I woke after a too-hot night at about 5:30 AM, to a beautiful clear sky. The clouds had vanished during the night, and I was able to lie comfortably and watch the stars. B said that in the middle of the night she heard a loud snuffing and sniffing outside her tent, right where her pack was. She didn’t hear any footsteps or other noise. She turned on her flashlight, and probably scared away whatever it was. I think it must have been a bear, having a look around. The Bear Vault wasn’t bothered, and everything in camp was as it had been when we retired to our tents.
I love this river. Everywhere I look, sights remind me of Phil Brown and his paintings and pastels of the South Fork of the Yuba. I miss having him in my life, but he left beautiful work behind, and that’s something. By all accounts, he was a beloved teacher, who showed his students how to see rather than just look at their subjects.
My flashlight—a new, fancy, light rechargeable one—died last night and of course I had forgotten the charging cord, which was tucked neatly into the pocket of the solar charger we didn’t bring because a friend of B’s loaned us a better, lighter one with a battery pack. It’s so hard to keep all the bits and pieces together. It’s a new moon, so only starlight at night, which is okay by me. I miss reading by flashlight, but not so much as I thought I might. There is lots to busy my mind, and also lots of emptiness to be enjoyed and savored.
It was a splendid hike to this camp today, though a bit too hot for my liking. We are in the heart of the Grand Canyon of the Tuolumne, and it is magnificent. It took us awhile to get here because we had to stop and swim a couple of times. We are both hungry today. Our allotted portions of food haven’t changed, but we think that the lower altitude makes one hungrier. We have enough food for the trip, but certainly not much, if any, extra. I think I skimped on my snack portions, overcompensating for the last trip, when I had nuts and fruit left over.
Leading up to this outing, I had dehydrated Damson plums from my backyard trees, and pears and apples from my mom’s backyard. Also parsley and parmesan for the dinners and my big experiment—miso. All turned out great, I have to say. And the soaked and dried almonds are especially delicious.
We are about 1.5 or 2 miles west of Return Creek, which was our intended destination, but this site is so pretty and shady. Just downstream is a beautiful-looking swimming hole which is calling to me.
We set up our tents and took naps for about an hour or so. B is still napping.
Our campsite is in a stand of cedar and oak.

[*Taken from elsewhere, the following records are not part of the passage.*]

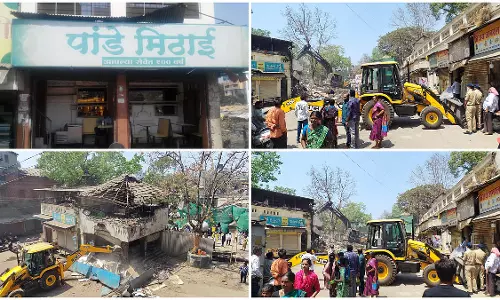 Nashik : कुंभ मेला कार्यों के लिए 148 साल पुरानी पांडे मिठाई की दुकान को ध्वस्त कर दिया गया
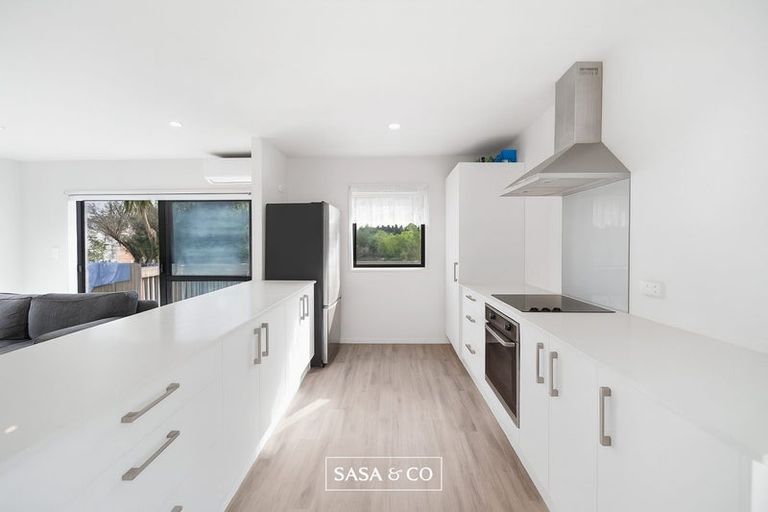 Photo of property in 90 Chelburn Crescent, Mangere East, Auckland, 2024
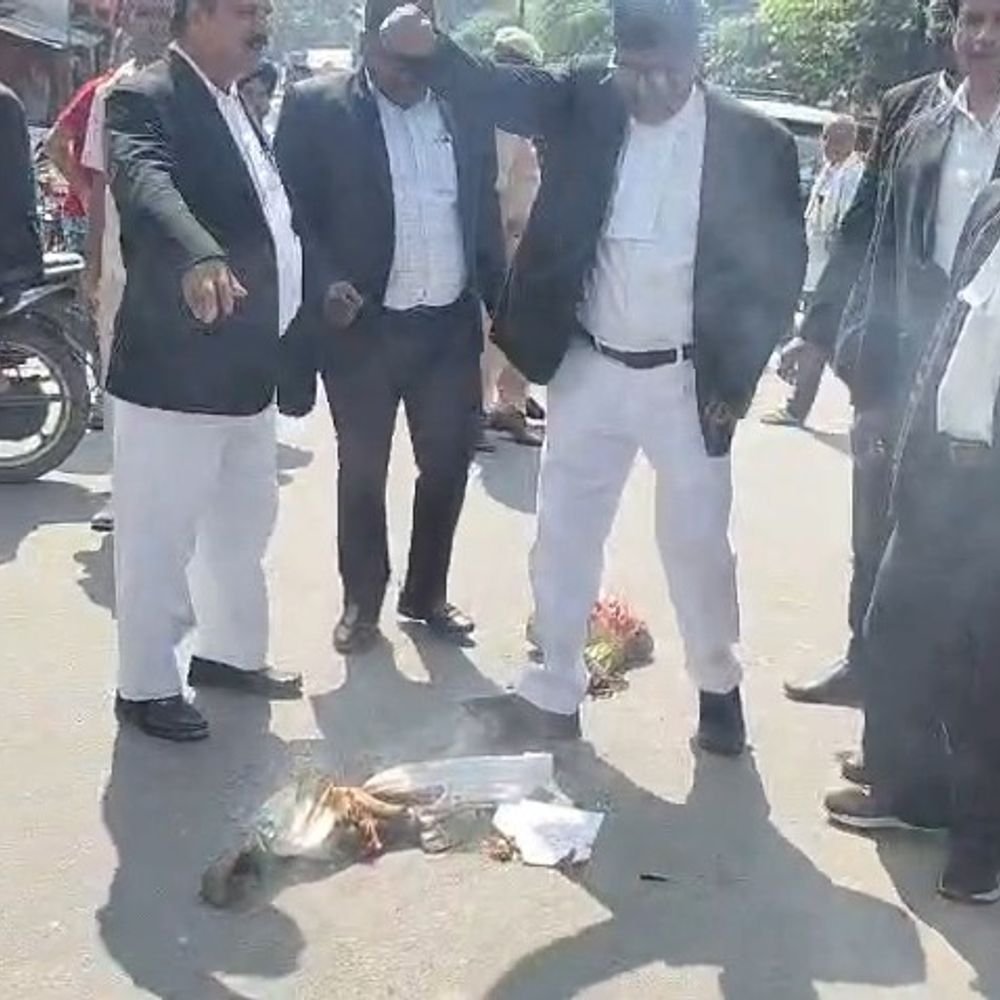 गोंडा में अधिवक्ताओं ने राहुल गांधी का पुतला फूंका:न्यायपालिका पर दबाव बनाने का लगाया आरोप, कांग्रेस के खिलाफ की नारेबाजी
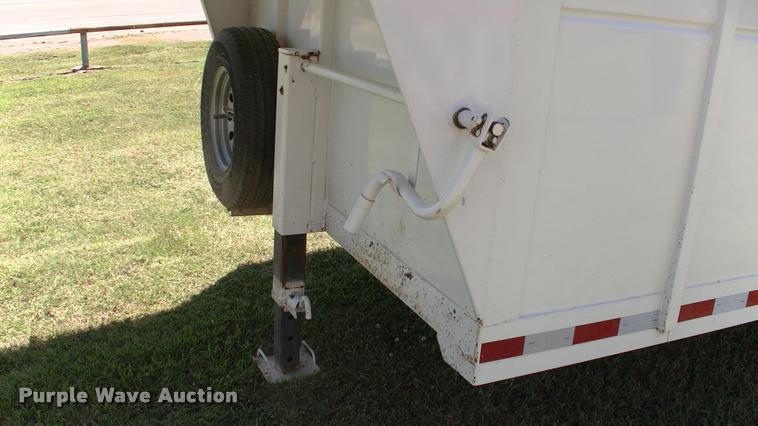 image for item DK9635 2015 CM CMH1243-16 horse trailer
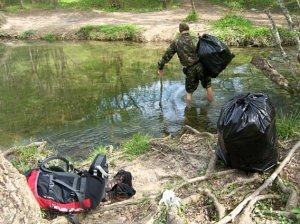 Добровольцы убрали мусор на пляже и в каньоне, но решили повторить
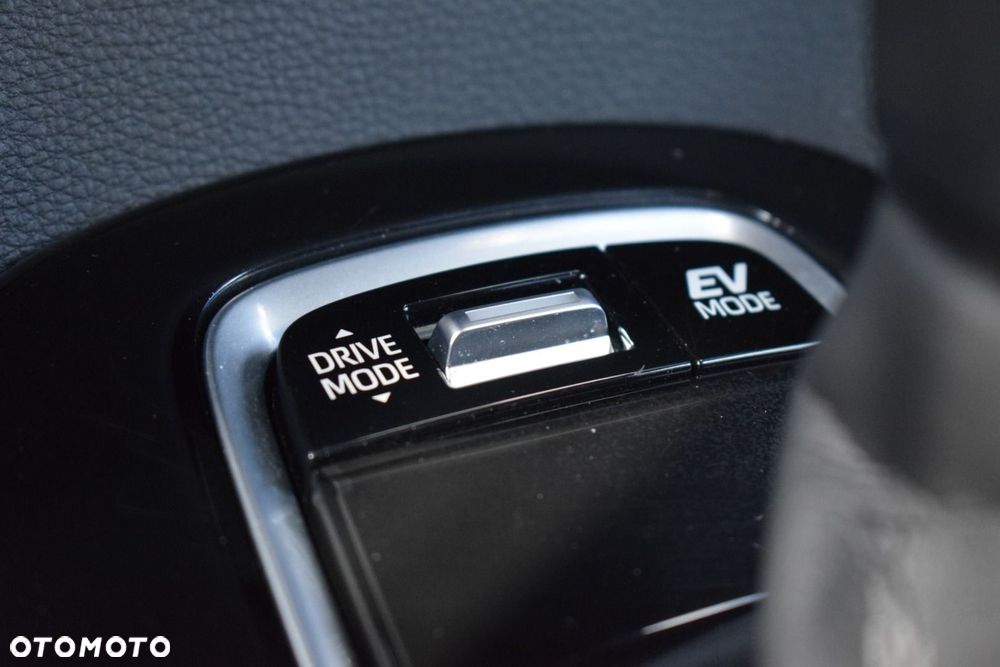 Toyota Corolla 1.8 Hybrid Comfort - 17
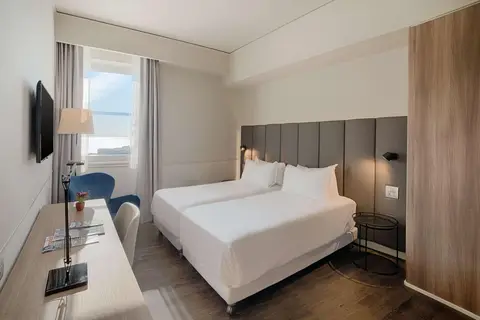 Hotel NH Napoli Panorama in Napels — foto 7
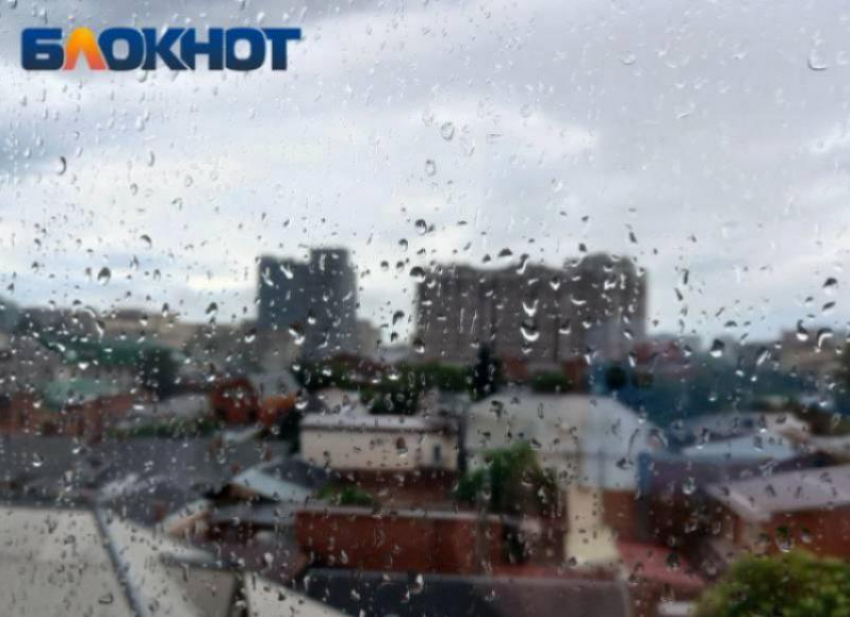 Адскую жару на Кубани заменят сильные дожди с градом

A fire came through here some years ago, and there are a few tall cedars standing dead. None right by camp, but close enough to hit it if one chanced to fall while we’re here. That’s a scary thought, after having been at a river camp on the Tuolumne a few years ago, when a seemingly healthy and huge old oak, laden with acorns and leaves, fell down in the middle of the night. If anyone other than the quick-witted, athletic river guides had been sleeping under it, I am sure that someone would have died. Or if any of them had been in a tent. They had just enough time to wake and run before it came crashing down, after a loud cracking sound. I have been leery of trees ever since.
Later: The swimming hole did not disappoint. We swam, cooled down, and then sat for a long time watching the changing silver-to-aluminum-to-iron-to-gold lighting on the slick, steep granite. I apologize for the following photos. I took them all within a half hour of each other. This was the view downriver from our swimming hole. The light was just changing all the time, and when I went to choose one for this post, I couldn’t decide. But there are probably 6 more that I did NOT include…
Occasional very distant thunder comes to us from the higher mountains. But I don’t think there’s a chance we will get any rain down here.
Today, my phone shows 10.4 miles and 50 floors climbed. It feels like it. We saw two men headed our way on the trail this morning, and two passed us going the other direction. We saw a group of young backpackers at a campsite we passed, but haven’t seen another soul on the trail today. It’s a change, here in the backcountry, to not see any Europeans this year. Usually, they are in the majority, or at least fifty percent, once you get away from the paved roads.
I’m hungry! What’s for dinner, Babz?